Le CORPS GLORIEUX : du temps et du mouvement
« Une redoutable incertitude et une obscurité épaisse enveloppent les choses, et nous errons, comme dans un profond sommeil, sans rien pouvoir circonscrire par la rigueur du raisonnement, sans rien saisir avec fermeté et sûreté, car toutes ressemblent à des ombres ou à des fantasmes. Comme dans une procession les premiers rangs échappent à la vue en s’éloignant, comme dans un torrent les flots courent à telle vitesse qu’ils laissent en arrière notre perception, de même, dans la vie, les choses passent, s’éloignent, et bien qu’elles paraissent se fixer, aucune ne demeure même un seul instant et ne cesse de fuir. » (Philon d’Alexandrie, De Josepho – cité par M. Conche, Pyrrhon et l’Apparence, p 288)

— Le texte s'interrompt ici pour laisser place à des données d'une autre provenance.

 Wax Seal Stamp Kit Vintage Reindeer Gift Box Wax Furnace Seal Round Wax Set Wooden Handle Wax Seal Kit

Nous disons : la rose. Mais quelle rose ? Le petit bourgeon timide qui se dégage laborieusement, la fleur qui étale «les plis de sa robe pourprée", ou celle du soir "feuille à feuille déclose », ou la tige inclinée, effeuillée qui penche vers la terre, ou encore ce petit tas de poussière ?
Bien sûr, à la lettre, nous ne percevons pas les changements infinitésimaux qui font qu’aucune chose, aucun vivant ne coïncide à soi en aucun temps. A chaque instant la chose qui existe est à la fois soi et pas soi : elle n’est plus ce qu’elle était, elle est déjà en mouvement vers ce qu’elle sera, qui sera dépassé à son tour.
D’aucuns soutiennent qu’au Jugement Dernier notre corps connaîtra une miraculeuse résurrection. Soit. Mais je demande : quel corps ? On me dira : le corps glorieux, transfiguré pour l’éternité. Mais qu’est-ce qu’un corps glorieux si le propre du corps est de se transformer sans cesse, selon l’ordre du temps. Leur corps glorieux n’est qu’un fantasme. En effet, quel est ce corps qui ne respire pas, ne transpire pas, ne se nourrit pas, qui ne connaît pas le désir et la jouissance. Otez les besoins, ôtez les pulsions et les appétits, ôtez le mouvement, vous n’avez plus qu’un cadavre, ou une statue de sel.
L’idée d’Etre et l’idée de temps sont inconciliables. Or le temps est souverain et le mouvement universel. Dont acte.